EKBIS.CO, JAKARTA -- Kebijakan pemerintah mewajibkan penggunaan B30 pada semua sektor juga termasuk alat berat pertambangan ternyata tak berjalan mulus. Banyak pelaku usaha pertambangan merasa lebih boros dengan memakai B30.
Direktur Eksekutif Asosiasi Jasa Pertambangan Indonesia (Aspindo), Bambang Tjahjono menjelaskan salah satu yang membuat boros karena umur filter kendaraan alat berat yang memakai bahan bakar B30 menjadi lebih pendek. Ia menjelaskan penggantian bisa dilakukan 4 hingga 5 kali hingga filter benar-benar bersih.
"(Juga) Ada masalah dengan harga, ada periode tertentu di saat harga sawit masih tinggi sehingga pemerintah memberlakukan harga mengikuti solar," ungkap Bambang dalam diskusi virtual, Kamis (24/9) malam.
Bambang melanjutkan dengan penggunaan B30 maka konsumsi bahan bakar akan lebih tinggi ketimbang menggunakan solar. Pasalnya energi yang dihasilkan dari B30 masih rendah ketimbang energi dari solar.
Bambang melanjutkan, upaya yang mungkin dilakukan yakni lewat pengembangan greendiesel. Menurutnya pihak swasta dapat diberikan kesempatan untuk turut serta mengembangkan biodiesel. "Dampak negatif karakteristik dalam FAME tidak ditemukan di greendiesel tapi harga masih mahal Rp 14.000 per liter," ujar Bambang.

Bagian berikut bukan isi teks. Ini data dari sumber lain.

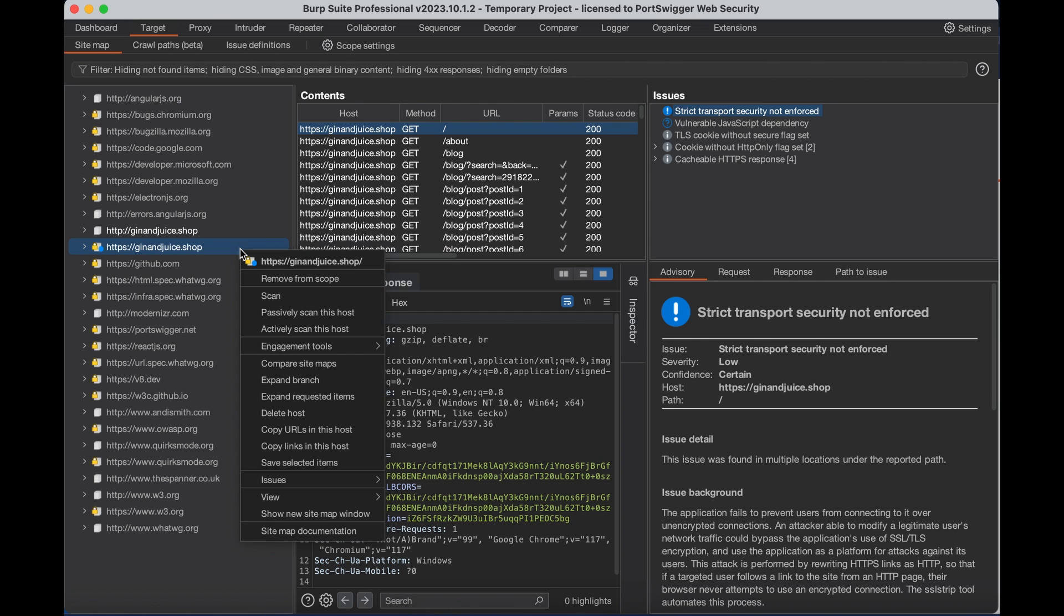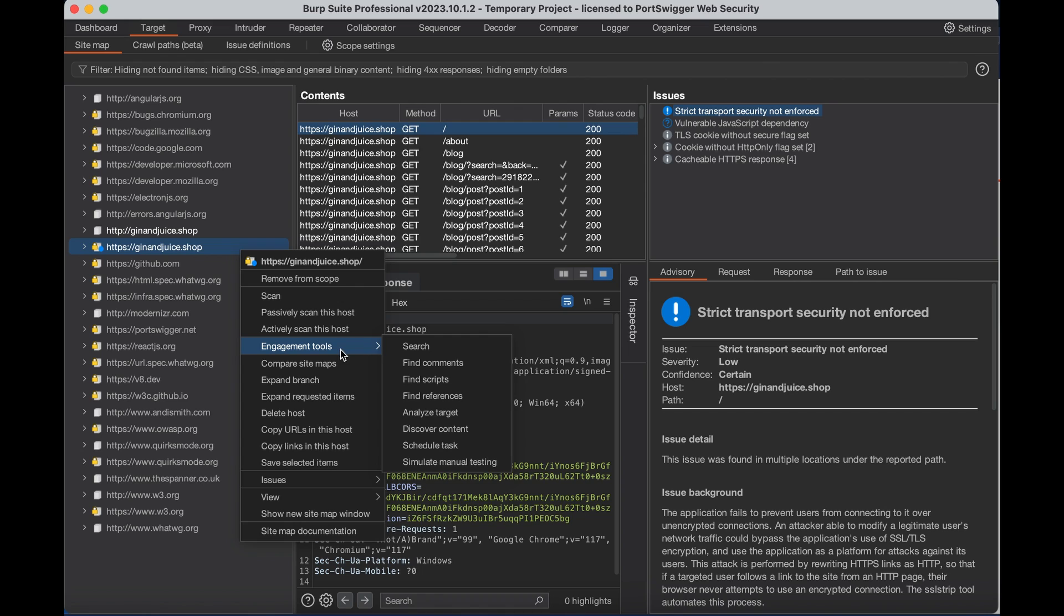We're going to right click this root node and then go down to engagement tools and then discover content.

Sementara itu, Direktur Teknik Lingkungan Mineral dan Batubara Kementerian ESDM Lana Satria menuturkan saat ini kegiatan pertambangan masih menggunakan 100 persen solar sebagai bahan bakar.
"Ini menjadi angin segar bagi industri minyak, sementara ada target penurunan konsumsi minyak bumi dari 33,58 persen di 2019 menjadi 25 persen di 2025," kata Lana dalam kesempatan yang sama.
Lana melanjutkan, sesuai arahan presiden perlu ada pemanfaatan bahan bakar nabati terlebih Indonesia sebagai penghasil sawit terbesar di dunia.